Question

A random variable \( X \) takes the values 0, 1, 2. Its mean is 1.2. If \( P(X = 0) = 0.3 \), then \( P(X = 1) = \)

• A. 0.1
• B. 0.5
• C. 0.2
• D. 0.4

Hint:

To find the probability of a value in a discrete random variable, use the formula for the mean and solve for the unknown probability.

Answer 1

The Correct Option is C

Step 1: Use the formula for the mean.
The mean \( \mu \) of a discrete random variable is given by: \[ \mu = \sum_{i} x_i P(X = x_i), \] where \( x_i \) are the possible values of the random variable and \( P(X = x_i) \) are the corresponding probabilities.
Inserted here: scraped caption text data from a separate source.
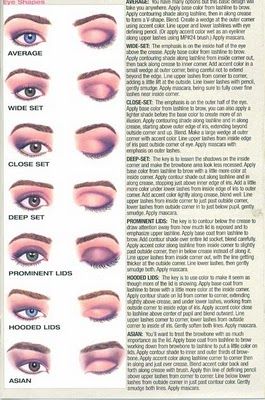 http://imgur.com/a/JO33K/layout/blog Hooded Eye Makeup, How To Apply Eyeshadow, Asian Eyes, Eye Makeup Tips, Eyeshadow Tutorial, Makeup Techniques, Eye Make, Eye Shapes, Eye Makeup Tutorial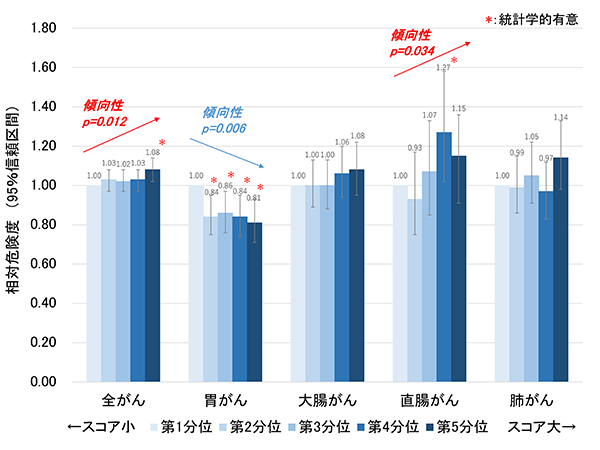 40代・50代必見！老けないための脂質の摂り方とは？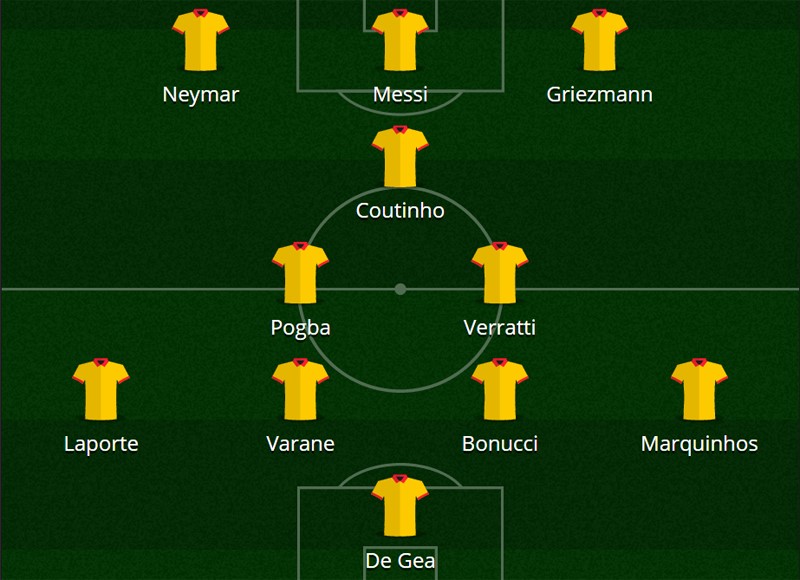 Top11 calciatori dal valore più alto (Eurosport)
We are given that the mean is 1.2, so: \[ 1.2 = 0 \times P(X = 0) + 1 \times P(X = 1) + 2 \times P(X = 2). \]
Step 2: Set up the equation.
We are also given that \( P(X = 0) = 0.3 \). Let \( P(X = 1) = p \) and \( P(X = 2) = 1 - 0.3 - p = 0.7 - p \). Substituting these into the equation for the mean, we get: \[ 1.2 = 1 \times p + 2 \times (0.7 - p). \] Simplifying: \[ 1.2 = p + 1.4 - 2p. \] Solving for \( p \), we get: \[ 1.2 - 1.4 = -p \quad \Rightarrow \quad p = 0.2. \]
Step 3: Conclusion.
Thus, \( P(X = 1) = 0.2 \), making option (C) the correct answer.